HOW TO COMPLETE THIS TASK: Please retype the material beneath this task exactly, starting with its first line and finishing with the line containing "ASOS Metallic Rose".

AVAILABLE DATA:

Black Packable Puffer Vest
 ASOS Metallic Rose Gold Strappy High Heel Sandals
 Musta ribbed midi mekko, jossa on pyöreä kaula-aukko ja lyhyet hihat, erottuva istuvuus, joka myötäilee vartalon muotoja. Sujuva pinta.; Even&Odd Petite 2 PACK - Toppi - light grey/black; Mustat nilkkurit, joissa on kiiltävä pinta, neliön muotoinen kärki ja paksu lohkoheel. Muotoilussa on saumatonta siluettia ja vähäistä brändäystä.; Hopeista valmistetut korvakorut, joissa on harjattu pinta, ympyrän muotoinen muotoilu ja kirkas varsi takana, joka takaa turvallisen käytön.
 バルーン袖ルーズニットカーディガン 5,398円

WRITTEN RESPONSE:
Black Packable Puffer Vest
 ASOS Metallic Rose Gold Strappy High Heel Sandals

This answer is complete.